I am honored by the Inca beating of Tamiko, a Japanese woman who arrived at the habitat that was Machu Pichu, and forgetting the saying that goes: “to the land you come from, do what you see” LOL. What a delight to see the llamas, one with a white head and a black body!! From the exotic but traditional welcome – to her and her son Takeshi – with the san-san-kudo ceremony to the tantrums for trying to impose her will by washing the head from infants apparently with lice and arithmetic calculations on market days, this is a wonderful exploration of the very complicated acculturation in the Andes. A woman who mistakenly tries to do something noble and kind but forgets that you cannot manipulate the environment you have just arrived in without first recognizing and being recognized in it. He is immediately bothered by the alcoholic beverages that the Quechuas drink on sale or market days and others. Her reluctance to accept the unusual conditions of the mountain and her complaints lead her to ask her second husband, Taro Ueda, to guide her to the town or city in Cologne; The train ride, although short in scene, is picturesque along Lake Titicaca.
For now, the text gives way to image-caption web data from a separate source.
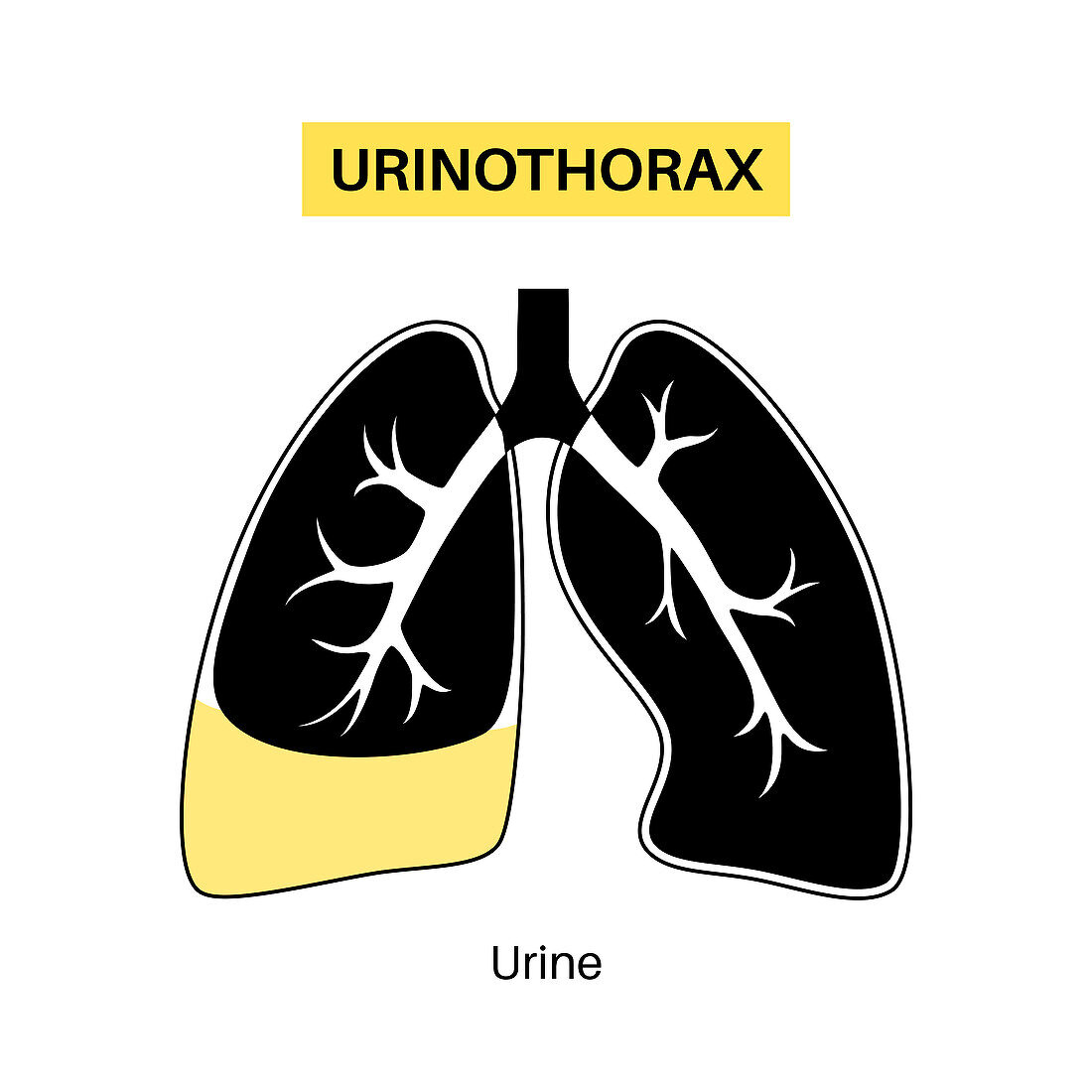 Urinothorax, illustration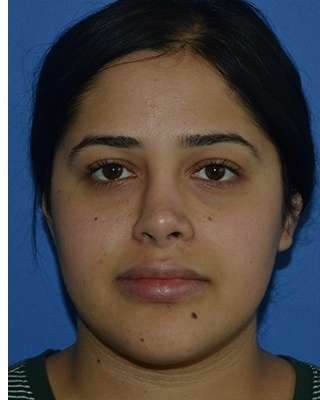 Ethnic Rhinoplasty Before & After Patient #6766
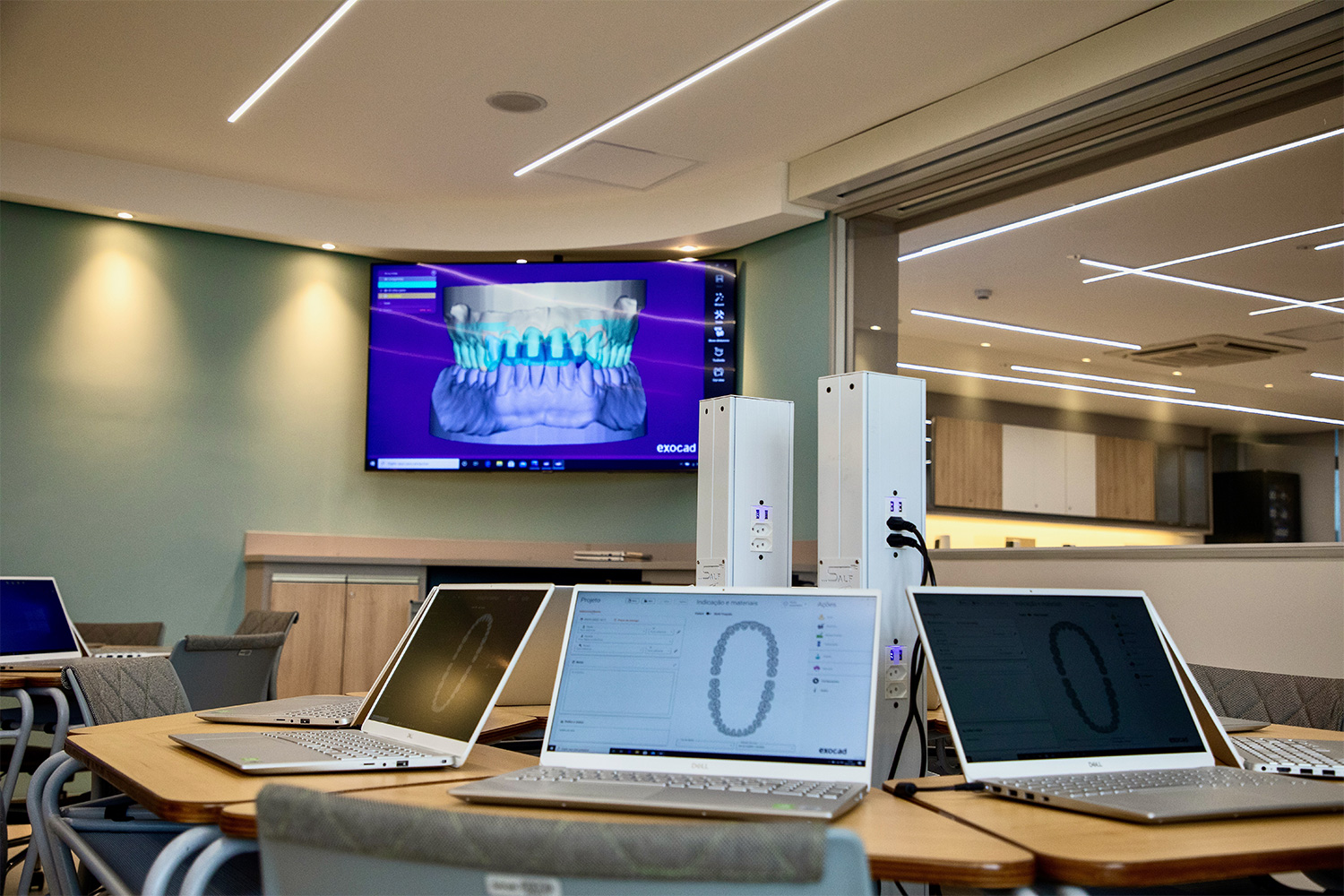 Foto de destaque a computadores e uma televisão com imagem de arcada dentária em 3D.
Another thing will be the discomfort of not finding accommodation in the city for the international cultural meeting and about to sleep on the street, a German family invites her to spend the night with them so that, the next day, they can go to the fields. and learn to identify mint and other crops.
Slowly there is appropriation of the strange in the protagonist, and the beauty of the film lies in Tamiko’s progressive adaptability to the place;

For example, Tamiko and Kiskis, her husband’s assistant, carry without knowing, I repeat, with profound ignorance, a guaco (a clay God or deity in a pot or amphora) in order to sell it. But when detected by a member of the city’s culture department, the relic was confiscated and they were locked up in prison for selling state-owned antiquities. They are released and upon returning to the mountain her husband Taro has disappeared, she receives a Quechua-style marriage proposal but soon Taro returns just for the birth of her second child.

Unfortunately, among the finds are landslides and a huge tombstone crushing Taro. It seems that the synchronization of Tamiko’s love is not good at all, neither with her first deceased husband nor now with her second, and to make matters worse, at the end, she suddenly sees Sasaki again, the Japanese man who hinted at how pretty she was during their marriage. first trip to the city, only now he arrives married.